» **DATA PROVIDED**
▼

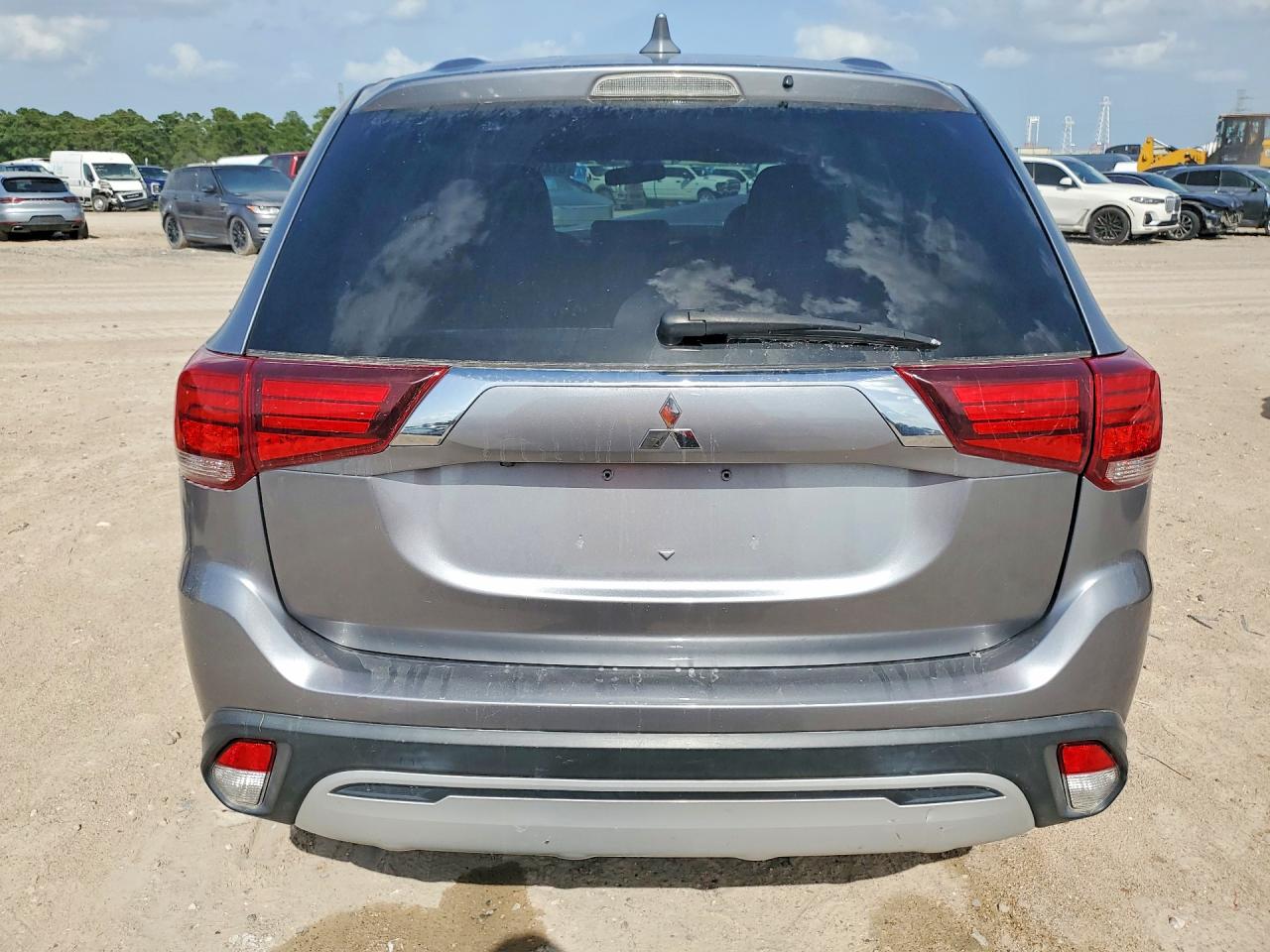 2019 Mitsubishi Outlander Se Silver vin: JA4AD3A3XKZ043045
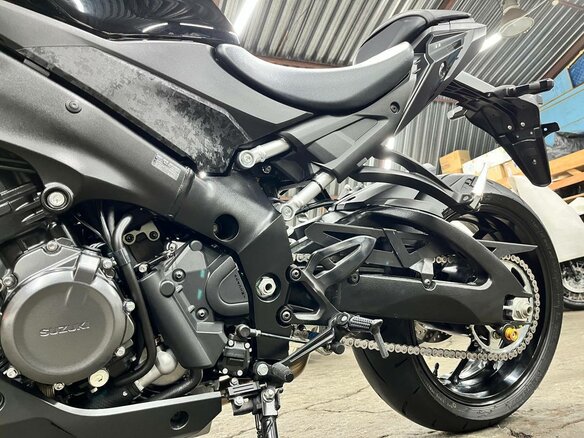 2021 Suzuki GSX-S 1000, чёрный, 1250000 рублей - вид 17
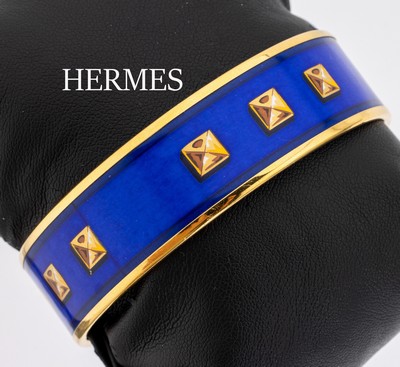 HERMES Email Armreif, Medor, Paris, Metall verg., königsblau emaill., goldfarb. Dekor, D.ca. 7 cm, sign.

▲

» **WORK INSTRUCTIONS**
Output each line exactly as shown above; no pictures go in the copy.

» **OUTPUT OF THE TASK**
 2019 Mitsubishi Outlander Se Silver vin: JA4AD3A3XKZ043045
 2021 Suzuki GSX-S 1000, чёрный, 1250000 рублей - вид 17
 HERMES Email Armreif, Medor, Paris, Metall verg., königsblau emaill., goldfarb. Dekor, D.ca. 7 cm, sign.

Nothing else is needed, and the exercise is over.